Le titre de ce Psaume étant la reproduction des premiers mots de celui du Psaume précédent, il est naturel de penser qu’il fut composé à la même époque, pendant les persécutions de Saül, et que les juges iniques dont le psalmiste avait à se plaindre étaient les partisans et conseillers de ce prince. Aussi les commentateurs, à commencer par les rabbins, sont presque unanimes à admettre cette opinion. Il en est, en très petit nombre, qui le croient composé en vue du gouvernement révolutionnaire d’Absalom. Calvin a résumé en peu de mots les instructions que nous pouvons tirer de ce Psaume : « Quand bien même le monde entier serait ligué contre les serviteurs de Dieu, aussitôt qu’ils ont bonne conscience, aucune crainte ne doit les empêcher de braver tant les rois et leurs conseillers, que la lie du peuple. Lorsque le monde entier serait sourd à nos plaintes, apprenons par l’exemple de David, à nous reposer sur notre bonne conscience et à en appeler au tribunal de Dieu. » Ce psaume est très propre à inspirer aux fidèles le calme et la patience dont ils ont besoin quand ils sont appelés à vivre sous des gouvernements injustes et persécuteurs. « La conviction que le royaume de Dieu doit remporter la victoire, rend le chrétien capable de surmonter le monde et tout ce qu’il peut avoir à souffrir de la part d’un mauvais gouvernement » (Rieger). Ce n’est d’ailleurs pas les adversaires de David seulement que nous devons voir dans ce Psaume, mais aussi ceux du Messie et de l’Église, et les jugements qui sont annoncés se déploieront dans toute leur étendue dans la grande journée de l’avènement de notre Seigneur. 2 Th 1.6-8.
Dans la première strophe (2-6), le psalmiste trace le portrait des juges impies ; dans la seconde (7-12), il annonce les châtiments qui doivent tomber sur eux.
Pour l’explication du titre, nous renvoyons à celle du Ps 57.
Verset 2. Serait-elle vraiment muette, la justice que vous devez proclamer? Ne voulez-vous pas juger avec droiture, enfants des hommes?

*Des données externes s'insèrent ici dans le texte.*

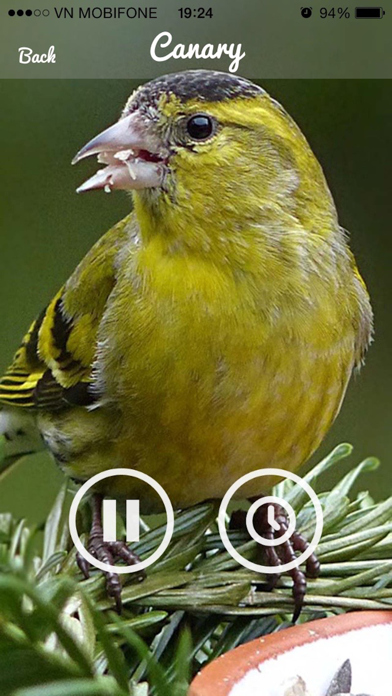 How to cancel & delete Bird Sounds -Bird relax,sleep Sounds from iphone & ipad 3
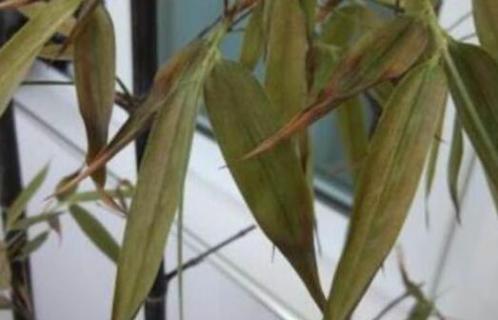 竹子枯黄还有救吗（竹子 枯黄）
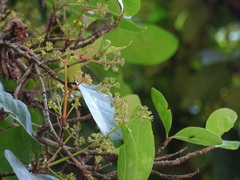 Ixora brachiata
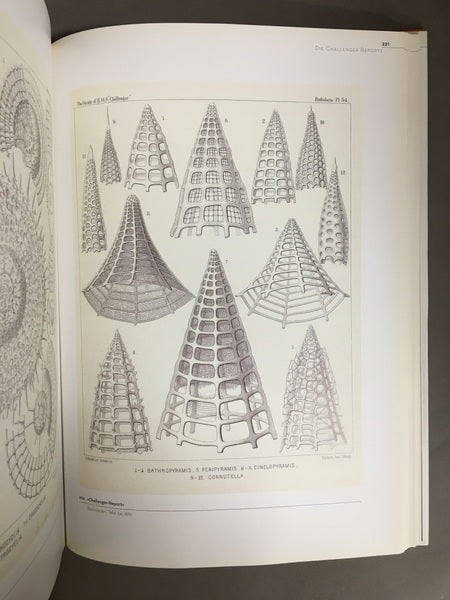 BILDWELTEN DER NATUR　著：Ernst Haeckel　エルンスト・ヘッケル　洋書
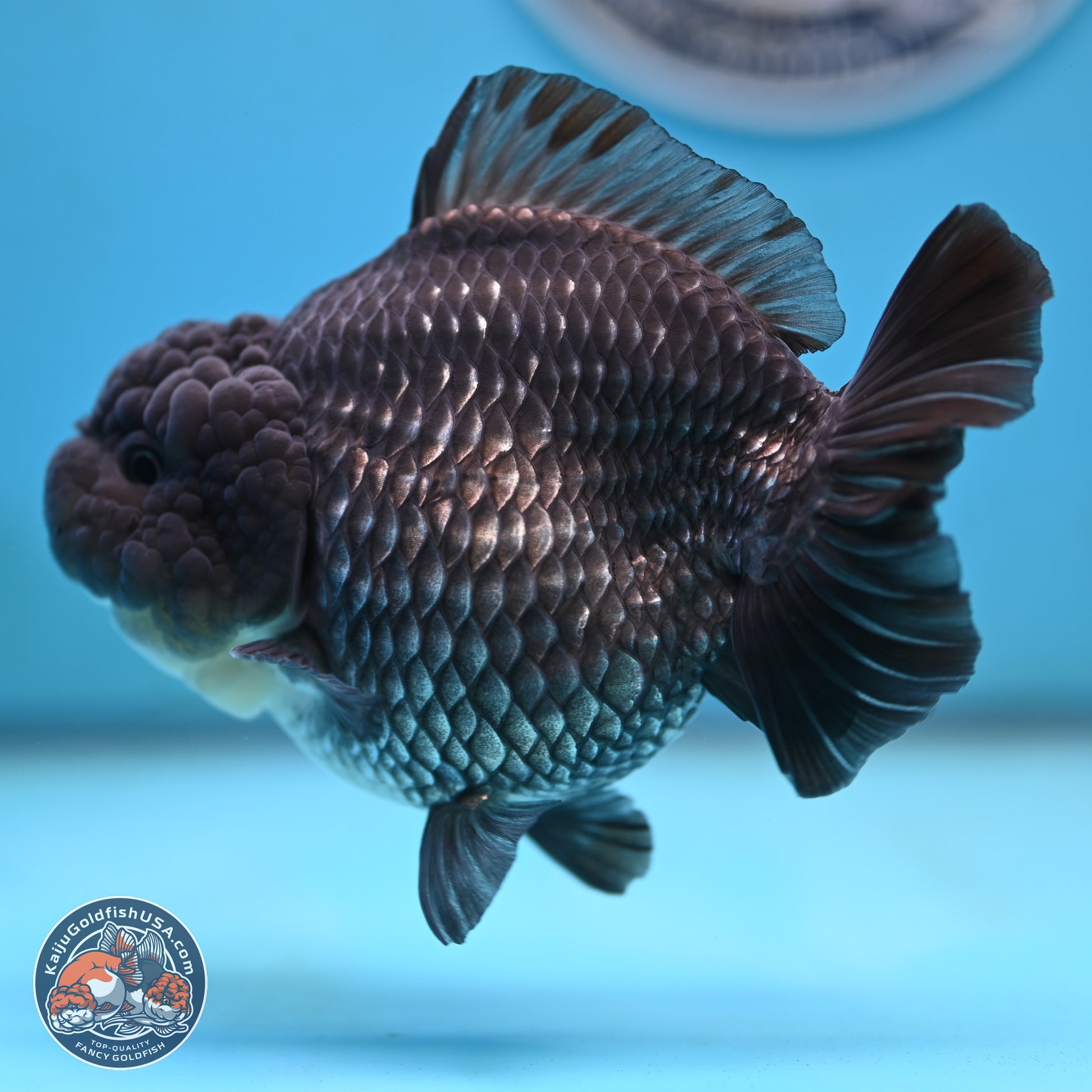 Big Black Metallic YuanBao Oranda 4.5 inches Body - Female (250117_OR06) - Kaiju Goldfish USA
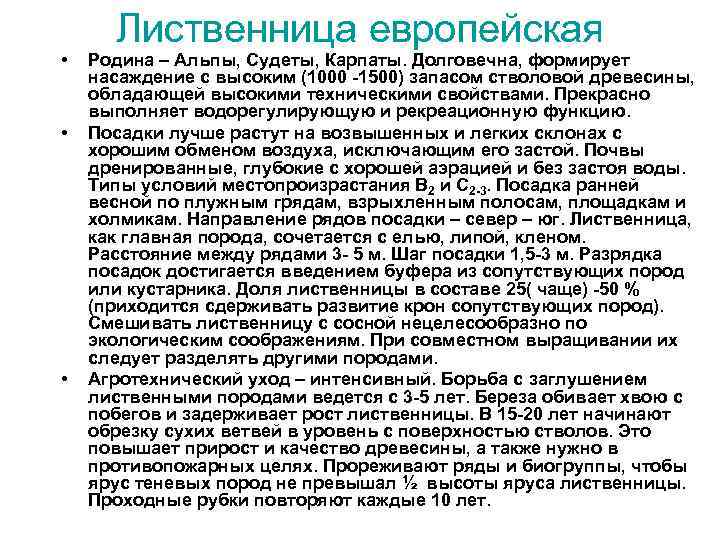  • • • Лиственница европейская Родина – Альпы, Судеты, Карпаты. Долговечна, формирует насаждение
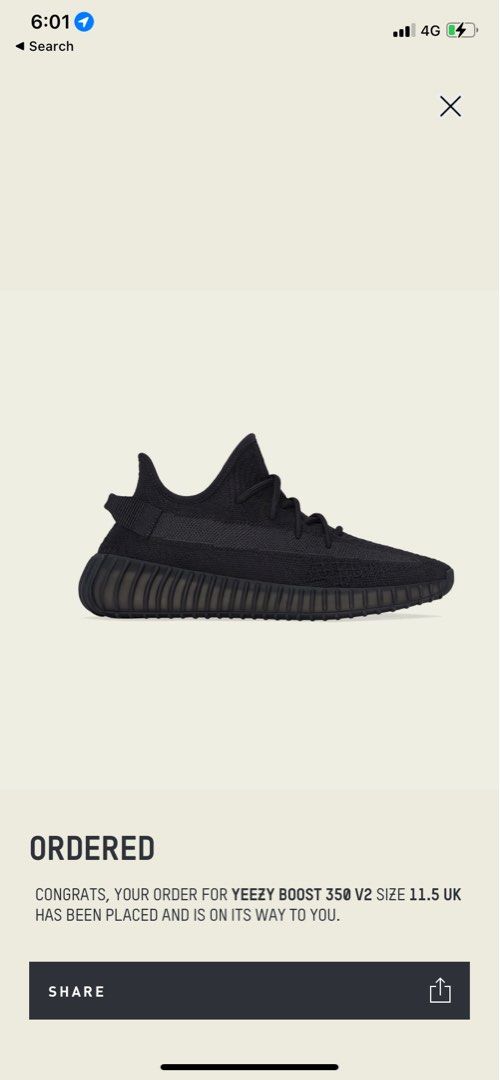 Adidas us yeezy 350 v2 on sale 4g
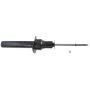 Autopart International Strut Assembly 2701248190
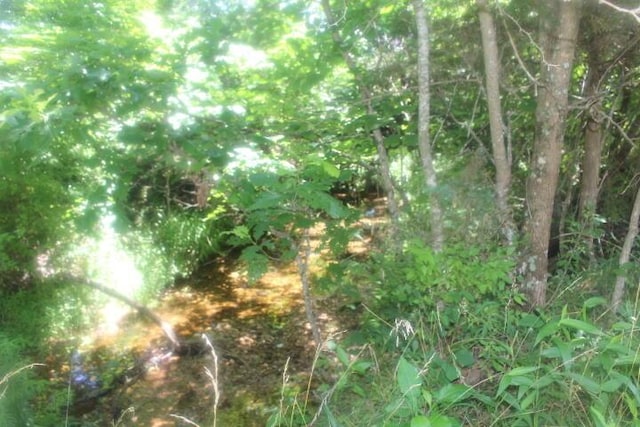 3176 S 170th Rd, Polk, MO 65727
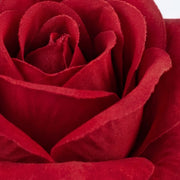 Colección Pasión: Éxtasis de Rosas - Vista 5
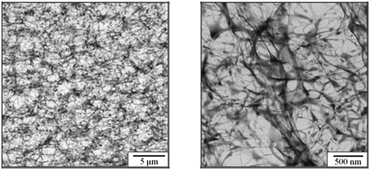 TEM images of the magnetic hydrogel at low (left) and high (right) resolution. From ref. 27.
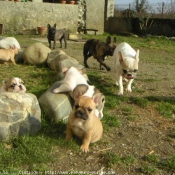 Photo de Bouledogue franais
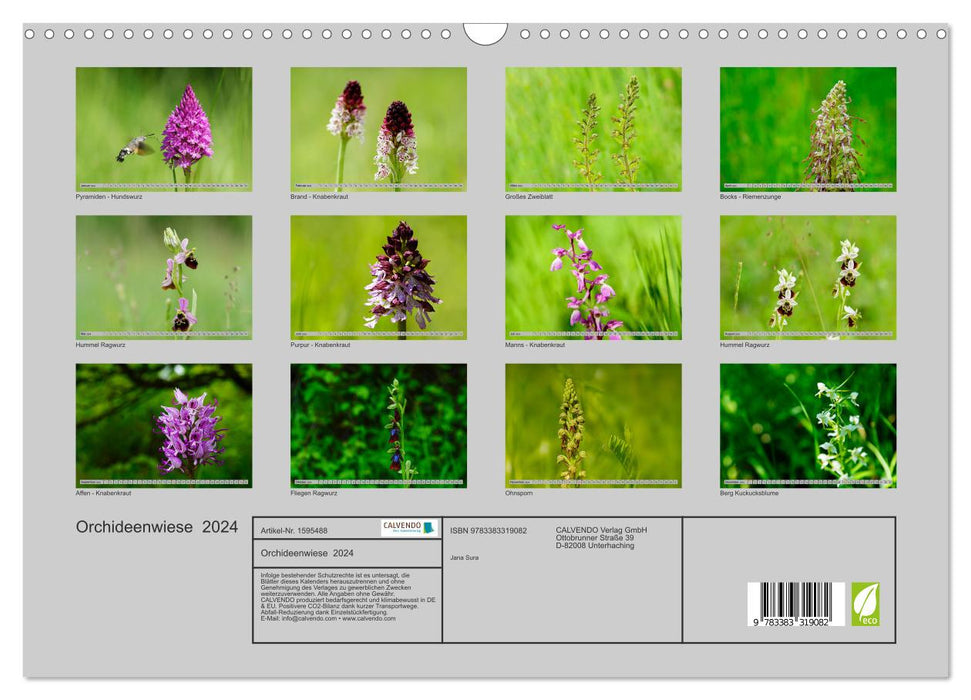 Prairie d'orchidées 2024 (Calendrier mural CALVENDO 2024) 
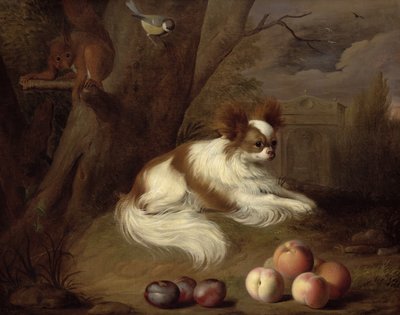 Unknown Image by Jakob Bogdani or Bogdany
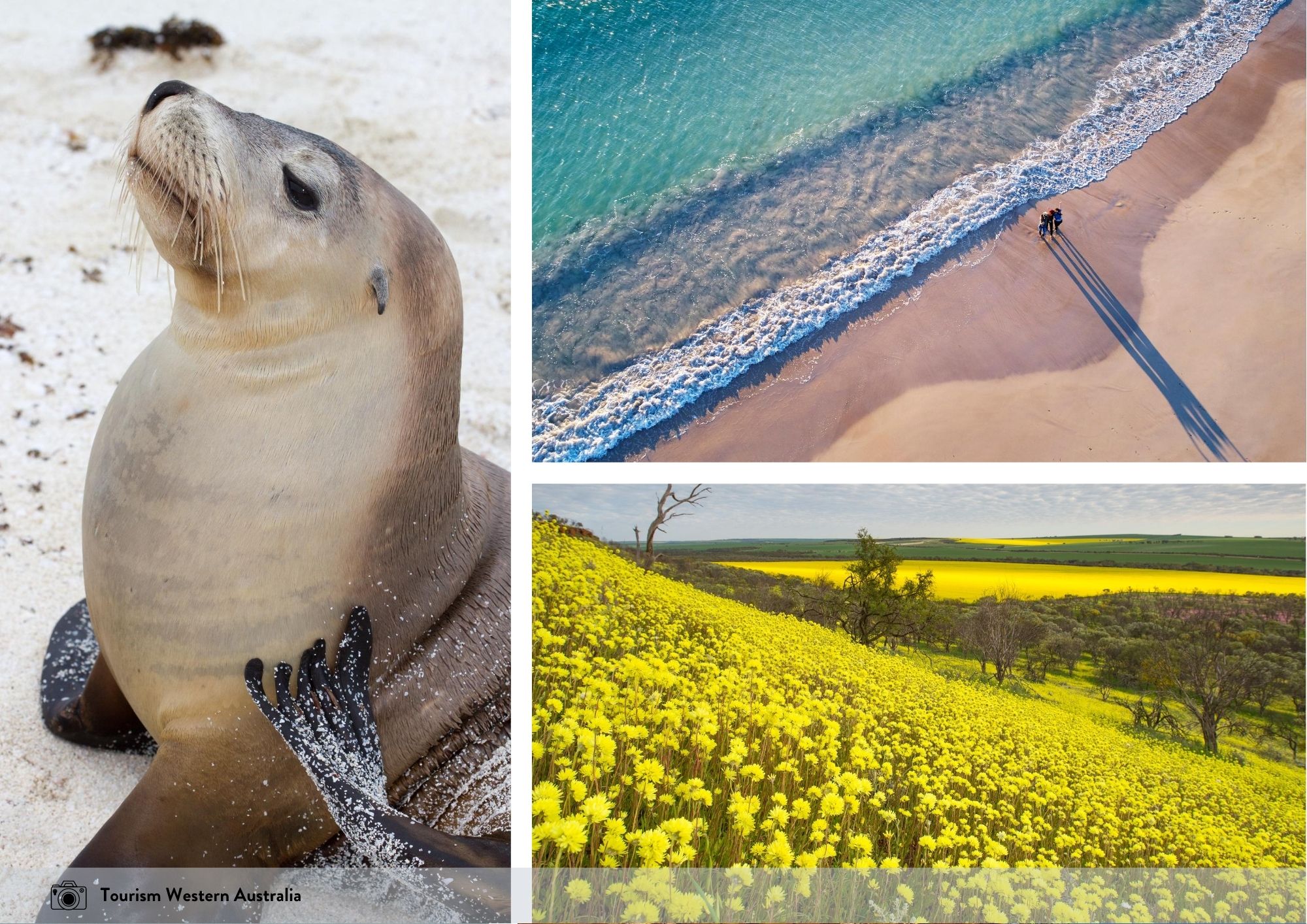 Geraldton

Dans le texte hébreu, ce verset est d’une extrême concision, ce qui en rend la traduction assez difficile. Nous nous sommes arrêtés à celle qui est proposée par le rabbin Jarchi. Nous mentionnons comme pouvant se justifier également celle de Hengstenberg : « Êtes-vous vraiment muets, que vous ne vouliez pas proclamer la justice et juger avec droiture, enfants des hommes? » et celle qui a été adoptée par De Wette et Stier : « Est-ce que vraiment vous proclamez la justice qui était muette ; jugez-vous avec droiture, enfants des hommes? » Dans tous les cas les paroles du psalmiste renferment un appel à la conscience des mauvais magistrats qui se faisaient les instruments de la haine de Saül. — L’épithète d’enfants des hommes qu’il leur donne rappelle dans ce passage ainsi que dans plusieurs autres l’idée que l’homme est un être faible et borné, dont la puissance ne saurait longtemps prévaloir contre celle de Dieu (Comp. 1 S 26.19).
Verset 3. Bien plus, dans le cœur vous fabriquez des crimes, et vous débitez dans le pays les violences de vos mains.
Nous voyons ici comme toujours le péché prendre naissance dans le cœur de l’homme, avant d’apparaître dans ses œuvres. — Le verbe que nous rendons par débiter signifie proprement peser. Les méchants font passer leurs iniques arrêts pour des sentences justes.
Verset 4. Les méchants se sont détournés dès le sein maternel, les menteurs se sont égarés dès le ventre.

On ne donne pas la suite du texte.